Ferranti can also think of a current case where that's not happening: the state Department of Transportation's Clover Street-Jefferson Road project in Pittsford.
"If it's not widely accepted by the community, that tells me something is awry," says Ferranti, whose firm, SRF & Associates, was hired by the town to help study the Clover-Jefferson proposal.
Pittsford residents and officials locked in a dispute with the DOT. The agency is proposing two through lanes, a left-turn lane, and a right-turn lane approaching the intersection from all directions. It also calls for some sidewalks and other pedestrian amenities.
The DOT says the Clover-Jefferson plan is needed to address dangerous conditions at the intersection. The accident rate there is above average, says department spokesperson Lori Maher.
But residents and officials say the department's plans will create an unsightly --- and unnecessary --- expanse of blacktop in a residential and recreational area.
"I think what's been proposed changes community character," says town Supervisor Bill Carpenter. The town, as well as residents, are trying to get the DOT to stop the project and reconsider the design.
Cynthia Jonsen-Brown, who chairs the Clover Street Preservation Association, a citizens group formed to protest the Clover-Jefferson project, is critical of the DOT'sassessment that the intersection is dangerous. The DOT, she says, is using flawed accident statistics. And Supervisor Carpenter argues that the accidents are largely rear-end collisions, which suggest driver error, not infrastructure problems.

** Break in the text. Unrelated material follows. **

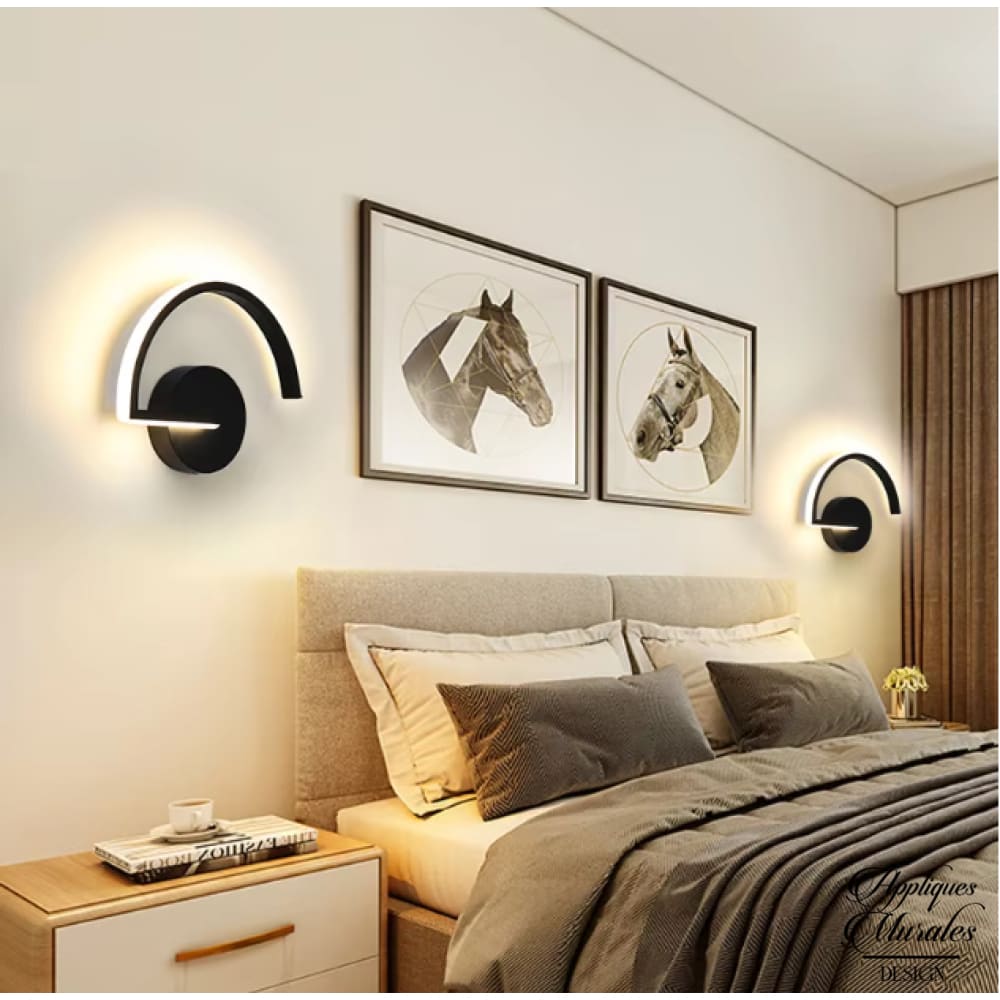 Applique Murale LED Moderne – Aluminium et Acrylique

Pittsford is not the only Monroe County suburb that will see more asphalt in the future. This year, the DOT will reconfigure the intersection of Turk Hill Road and Route 31 in Perinton. Sometime in the future, the DOT wants to expand a well-traveled section of Jefferson Road in Henrietta. That plan is in the early stages.

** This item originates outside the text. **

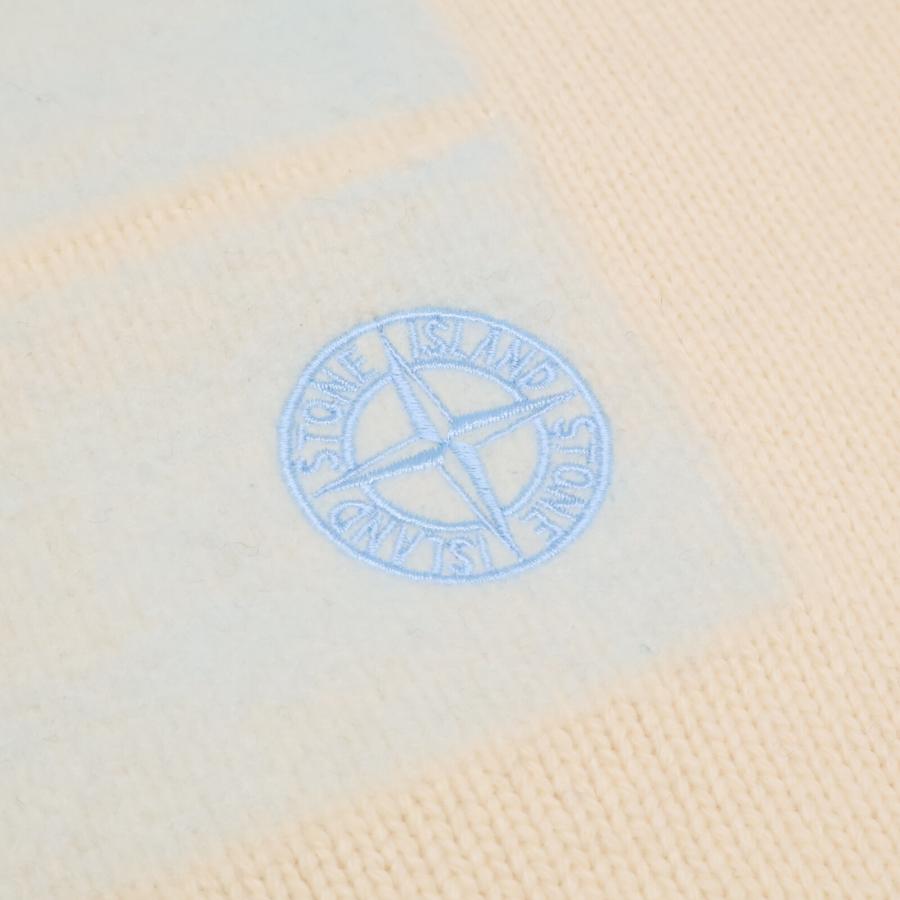STONE ISLAND ストーンアイランド ロゴ刺繍入り ネックウォーマー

Last year, Monroe County completed a slightly widened section of Elmwood Avenue near Twelve Corners in Brighton. That project had also come under fire from residents, who said a wider road would detract from the residential character of the neighborhood.
Joni Monroe, executive director of the Rochester Regional Community Design Center, says the Pittsford project is one of the more recent examples of the disconnect between the DOT and local communities. She points to the widening of Ridge Road in Greece as another.

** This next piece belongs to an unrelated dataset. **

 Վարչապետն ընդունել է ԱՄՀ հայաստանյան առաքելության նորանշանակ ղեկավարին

There is a state push to have road projects designed to fit with the community, she says, but "I'm just not seeing it out here in our locality."
Critics say that building bigger roads and intersections only leads to other wide roads or intersections. Or the creation of traffic headaches that didn't exist before.
"We solve problems short term and create new ones five to eight years down the road," says Jonsen-Brown.
DOT spokesperson Lori Maher says intersections are under constant evaluation and are monitored for accident rates and efficiency. An intersection can have a stop sign installed one year only to have a traffic light replace it a few years later. And after that, a turn lane could be added, and so on. The DOT makes those decisions based on statistics, observation, and accepted planning practices, she says.
But Ferranti points out that in some cases, engineers and planners are downsizing roads. He again references Rochester's University Avenue.
Projects like the Clover-Jefferson intersection can be both a cause and a result of sprawl. As roads and intersections are built out, they create the capacity for more traffic. High-volume roads are a key factor in attracting big-box stores and developers.
Pittsford town and village leaders are also concerned about how the changes at Clover and Jefferson will affect two other intersections farther east on Jefferson. If more cars are passing through the Clover intersection in one light cycle, more cars will stack up at the Jefferson-Sutherland Street and Jefferson-Main Street intersections in the village, they argue. The town hired Ferranti's firm to build a computerized model using actual traffic counts to show the effect the Clover-Jefferson changes would have.
The DOT says that tweaking the timing of lights could help alleviate backup at the Sutherland and Main intersections, but town and village officials don't buy it.
The Jefferson-Sutherland and Jefferson-Main intersections, both of which are surrounded by historic homes, would be tough to physically reconfigure, says village Mayor Bob Corby. The village conducted its own traffic and street design study, and Corby says village residents don't want larger roads.
While the Clover-Jefferson intersection is not in Pittsford Village, town and village officials consider the area immediately west of it a village gateway. The Jefferson-Clover project's scale is inappropriate, says Corby.
"Volume is not the only priority in this community," he says.
In the Pittsford project, left-hand turn signals would be a simple fix, says Joni Monroe. The DOT could see how that worked before spending millions on a road project. That solution also has the backing of town officials. In fact, for years officials and residents have been calling for the DOT to install turn arrows at Clover and Jefferson as well as at Clover and French.
"There are so many road projects that are needed," says Monroe. "Why not take the dollars and put them some other place?"